Today was a day of rest; which did not mean the cameras wouldn't get a work out, but only that our legs were exempt from too much uphill walking. So we thought a train trip was the ideal way of seeing some more of the Harz without too much exertion on our part. We had figured out that the closest train station on the small track Harzquerbahn was in the hamlet of Elend. Now "Elend" in German means misery. So off we went to "misery". There we found a schedule at the station that informed us the train we wanted to take did not leave until 12:47, and just now it was about 9:30. But ah, we had a second almost non-walking idea in the back of our head, the cable car in Braunlage up to the top of the Wurmberg, where the skijumptower had beckoned since the first day when we stopped just short of it. So back to Braunlage we went, parked in the parking lot of the cable car (1 Euro for 2 hours). I thought, a little exercise is not a bad idea and how hard can it be to go downhill. So I bought one way tickets to the top.

The ride up was quiet and fun. We two were alone in an enclosed capsule and watched the other capsules go down on the other side while we went up, up, up, and I remembered how we had struggled getting up last Friday (when the cable cars were not going). At the top it was remarkably cold and windy. The sun which was already shining down below, was still hidden in the fog up here. We walked over to the skijump area, and as always the only thing I could think of was, that those guys must be insane to glide down, jump, and hopefully land on both skis. I am not given to fear of heights, and did not mind looking way down to the landing area. But the idea of trying to jump down there did not make sense. However, it was nice to see all this.

Bob:

The access road turned out to be a good choice for a really gradual descent back down into the valley. The pavement gave us consistently good footing that allowed us to keep up a rapid walking clip and the consistent, gradual downslope made the walking quite effortless. For most of the walk we were deep in an evergreen forest, and the morning sunlight slanting through the trees created a beautiful mosaic of golden sunbeams, tall dark trees, and the flowers, ferns, and moss of the forest floor.
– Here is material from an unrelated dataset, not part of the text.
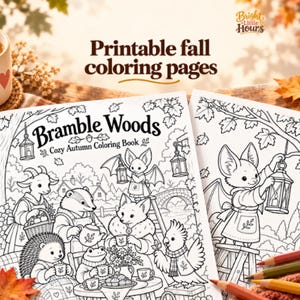 Bramble Woods Cozy Autumn printable coloring cover and a cropped bat-and-lantern coloring page on a warm tabletop with colored pencils. Headline: Printable fall coloring pages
As we approached the valley floor, we noticed more deciduous trees, which were particularly remarkable at that time of year because they had turned into their brilliant fall colors. When they were illuminated in front of the backdrop of the tall, dark evergreens, they seemed to glow from within. We started following a small stream during the last part of our walk, and along the streambanks someone had placed carved wooden statues of mushrooms, various animals, and even a gnome. Finding these whimsical figures in the forest was a very pleasant surprise which certainly brought a smile to my face.

Monika:

The way down was longer than I had anticipated - 6.5km. But we went down the street that curved around the mountain and with secure footing could achieve quite a tempo. However, we did stop to take pictures of the sun shining through the pine forests. We also stopped at the older, smaller skijumps, which did not look quite as imposing but still scary enough. We got down to the car just as our 2 hour parking expired.


 


 

Bob:

After retrieving our car from the parking lot at the base of the mountains, we drove the 6 kilometers over to Elend to catch the afternoon steam train to the South. Elend, by the way, means "misery" in German and we did wonder why the city fathers had decided to call the town Misery. Somehow you would have thought that they would alter the name to something more likely to entice new residents, like "Elysium Fields" or "Eden" or something like that. We had lunch at the Gaststatte right in the train station, and the entire décor used seats and tables that apparently had come from real, old trains. Railroad memorabilia was hanging from every square inch of the wall and was also scattered around the seating area, creating an atmosphere heavy in steam locomotive nostalgia. The final frill was using little electric locomotives to deliver the drinks to each table; one train track ran along each side of the "diner" and the gondola cars of the train were used to ferry the drinks from the kitchen area down to each table. Cute!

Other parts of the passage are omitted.